Problem to work on: A single figure is required: the number of lines in the data below that hold the word "dans".

Start of Data excerpt

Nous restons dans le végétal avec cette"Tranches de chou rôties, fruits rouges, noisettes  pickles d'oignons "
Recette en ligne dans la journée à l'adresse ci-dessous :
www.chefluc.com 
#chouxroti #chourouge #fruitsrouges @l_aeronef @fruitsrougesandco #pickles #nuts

End of Data excerpt

Reply to the exercise: 2